La Sezione Dialoghi ha come obiettivo fondamentale quello di prospettare scenari per proiettare il complesso del sistema pubblico in una società del futuro. RIPM, in questa sezione, intende indicare un’arena favorevole per un confronto aperto sui temi del public management con proposte innovative in grado di offrire strumenti di dialogo e analisi. Il Call for Paper, in questo caso permanente, è disegnato per interpretare le modalità attraverso le quali si analizzano, si sviluppano e si attuano i modelli di scelte pubbliche da parte di decisori politici, manager, professionisti e portatori d’interesse. Il contributo può essere declinato secondo contenuti di approccio teorico o analisi descrittiva di casi purché, in quest’ultimo ambito, vi sia una tensione anche dialettica alla modellizzazione teorica.

Sezione Close Up

La Sezione Close Up, nasce con l’intento di mettere in primo piano, oltre ai call di RIPM, progetti, temi, attori che abbiano come regia la promozione di iniziative con un forte connotato di cambiamento. L’idea di fondo è quella di racchiudere in un’inquadratura, anche sintetica, sentori che possano stimolare riflessioni più ampie per diffondere la cultura dell’innovare nelle istituzioni pubbliche. Lo spazio è strutturato per accogliere modalità delle più varie di contribuzione.

La missione della contribuzione a RIPM

Nell’accogliere una delle differenti modalità di contribuire a RIPM – Special Focus, Sezione dialoghi, Sezione Close Up- è auspicato un indirizzo dell’azione verso alcune finalità: generare le basi per ispirare la futura ricerca nel management pubblico, provocare discussioni anche sulla base di problemi interpretativi nelle teorie e nei modelli di management consolidati, esaminare i più recenti progressi nel campo della ricerca di base ed avanzata e nella traduzione in comportamenti degli attori coinvolti nell’agire delle amministrazioni pubbliche, valorizzare modelli interpretativi originali di ricerca scritti dagli studiosi, analizzare concetti consolidati nella letteratura, interpretare e criticare la letteratura di riferimento o collegarsi ad essa, creare le condizioni di dialogo per un approccio multidisciplinare fra le differenti componenti accademiche e non accademiche, coinvolgere i differenti portatori d’interesse delle istituzioni pubbliche (operatori, utenti, imprese) nello sviluppo di una condivisione della cultura manageriale.

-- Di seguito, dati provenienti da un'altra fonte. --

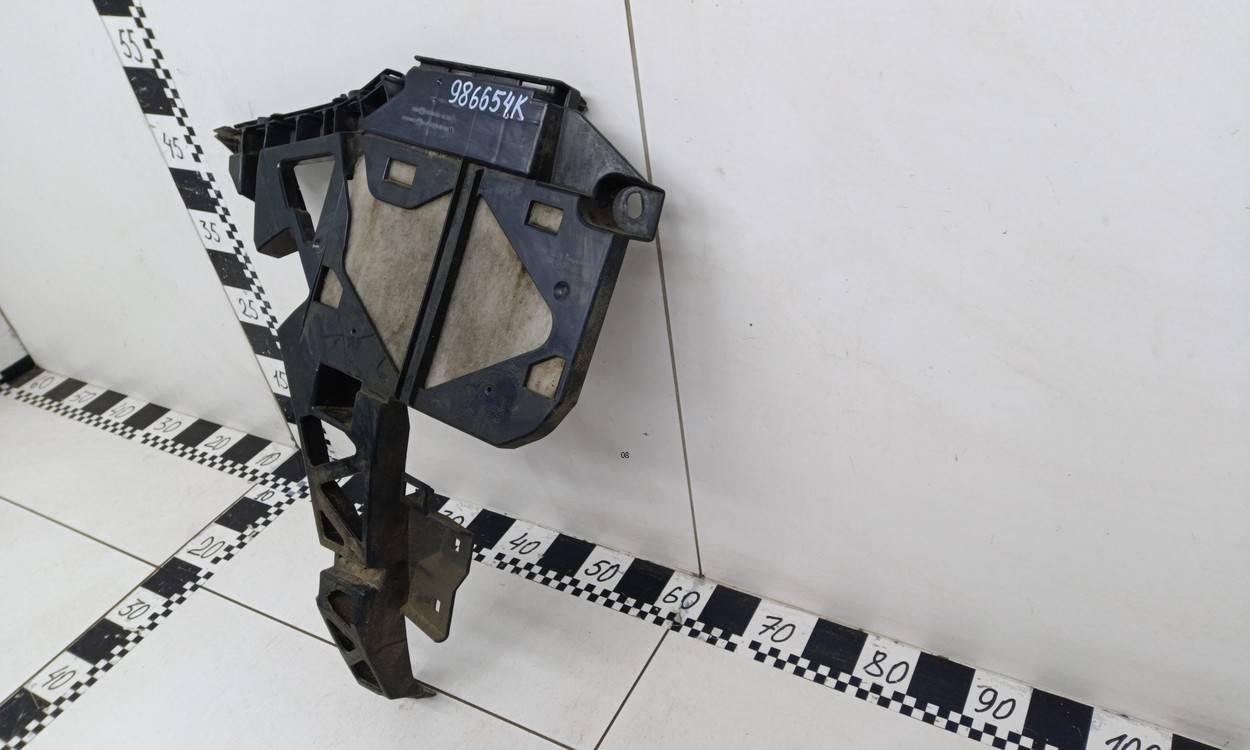 Кронштейн заднего бампера левый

L’obiettivo prioritario della rivista, con l’invito alla contribuzione nelle varie sezioni, è quello di valorizzare uno sguardo per stimolare futuri dibattiti, creare le condizioni scientifiche per lo sviluppo di nuovi modelli paradigmatici, modelli applicativi e di confutazione delle teorie e ambiti di attuazione puntuale delle teorie. In definitiva, è quello di prospettare scenari per proiettare il complesso del sistema pubblico in una società del futuro.

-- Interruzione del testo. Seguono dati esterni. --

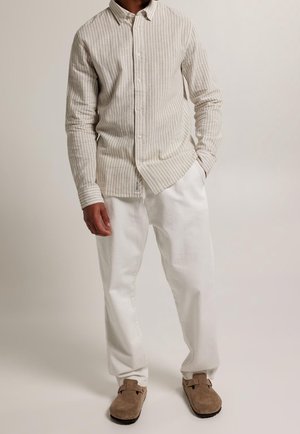 Mężczyzna ubrany w beżowo-białą koszulę w pionowe paski na guziki, białe luźne spodnie oraz brązowe zamszowe buty wsuwane, stojący na jednolitym tle.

Public management e sviluppo economico

Il primo numero di RIPM, ha visto l’alternarsi delle voci del Comitato Tecnico Scientifico nel rispondere alla domanda su come gli stessi vedono la PA del futuro. È stato interessante osservare un constante richiamo alla centralità delle istituzioni pubbliche. È da questo essere centrale delle istituzioni pubbliche che è necessario partire.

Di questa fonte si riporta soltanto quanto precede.